Task to carry out
An exact copy of every record is needed, with the pictures left out.

[Data supplied]

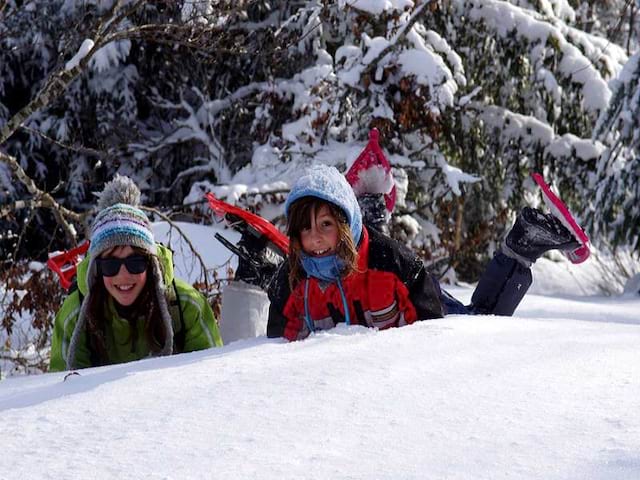 Portrait de jeunes filles dans la neige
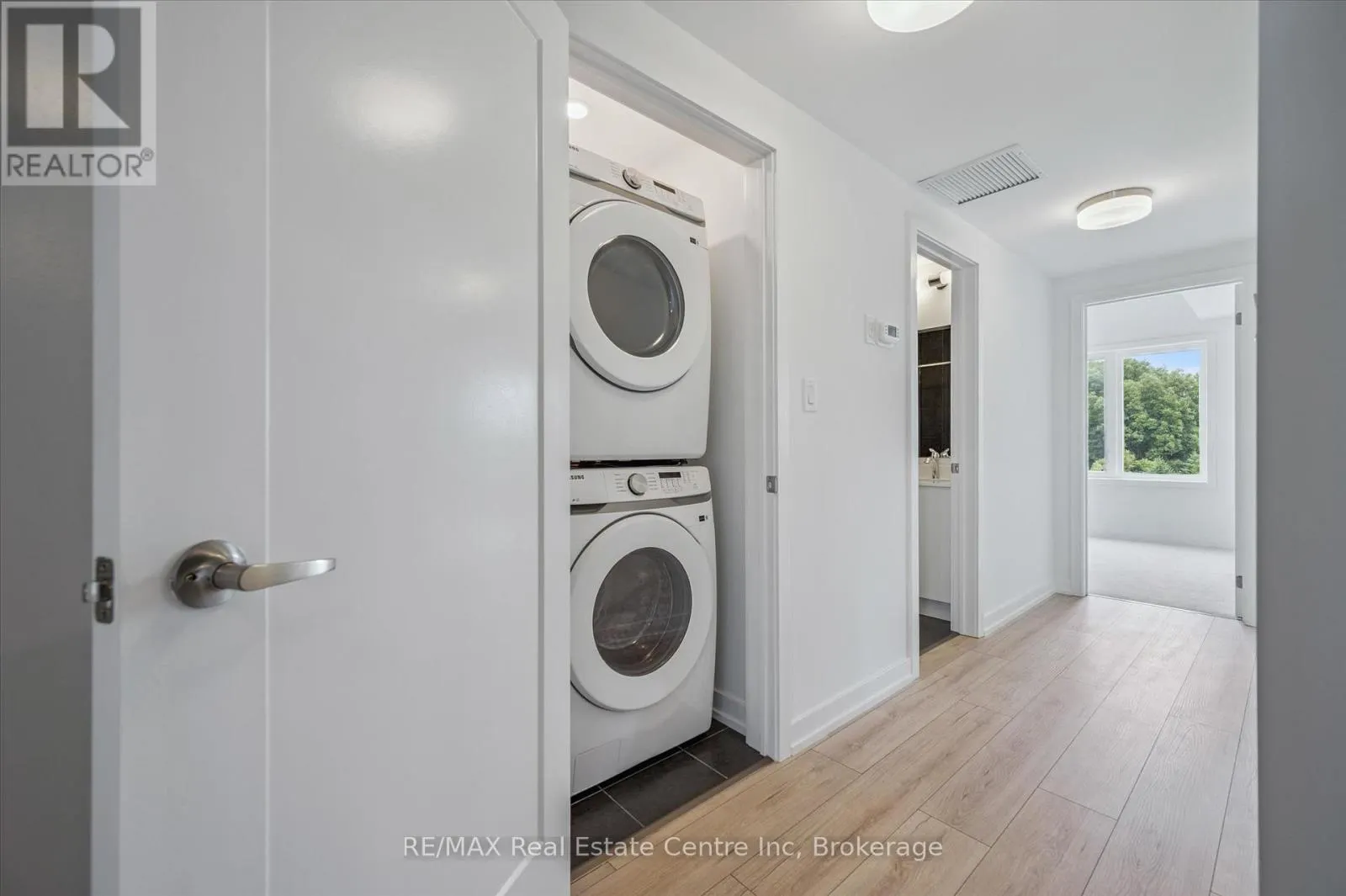 6 - 940 ST DAVID STREET N, #6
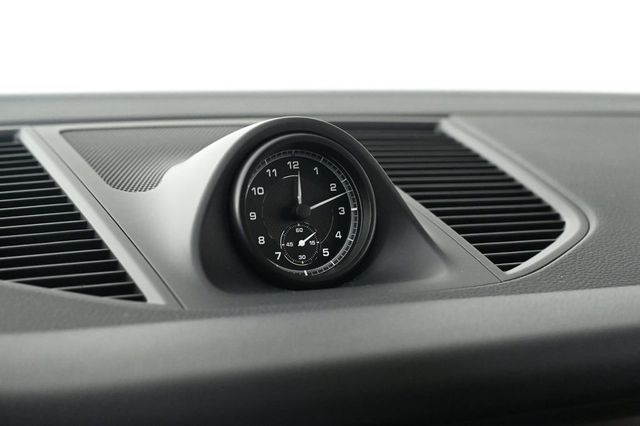 2026 Porsche Macan AWD - 22944992 - 19
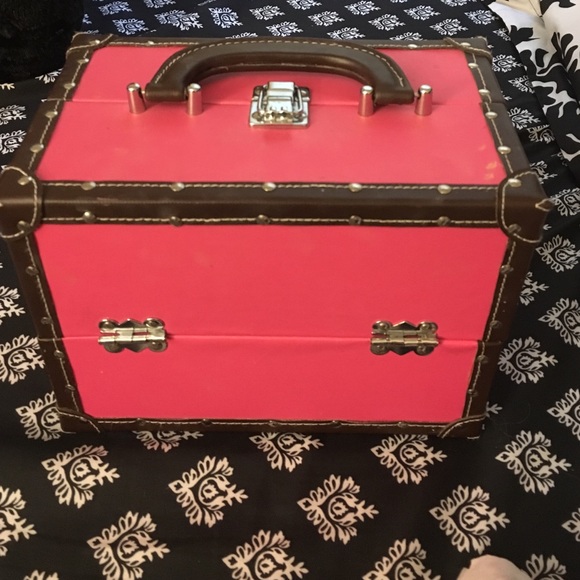 Makeup box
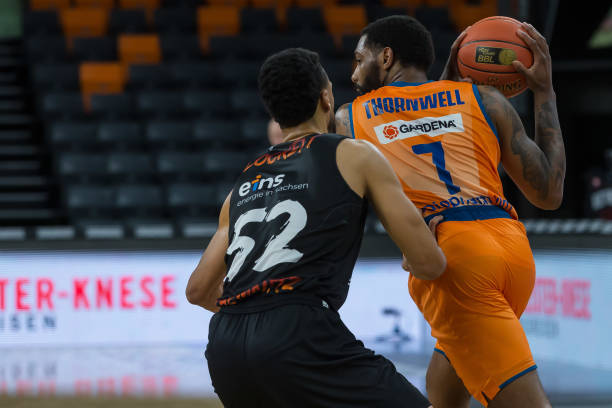 一对抗的全 一对抗的全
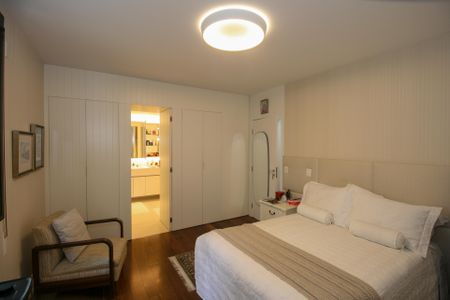 Apartamento à venda com 205m², 3 quartos e 2 vagasSuíte 3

[/Data supplied]

Exercise response
 Portrait de jeunes filles dans la neige
 6 - 940 ST DAVID STREET N, #6
 2026 Porsche Macan AWD - 22944992 - 19
 Makeup box
 一对抗的全 一对抗的全
 Apartamento à venda com 205m², 3 quartos e 2 vagasSuíte 3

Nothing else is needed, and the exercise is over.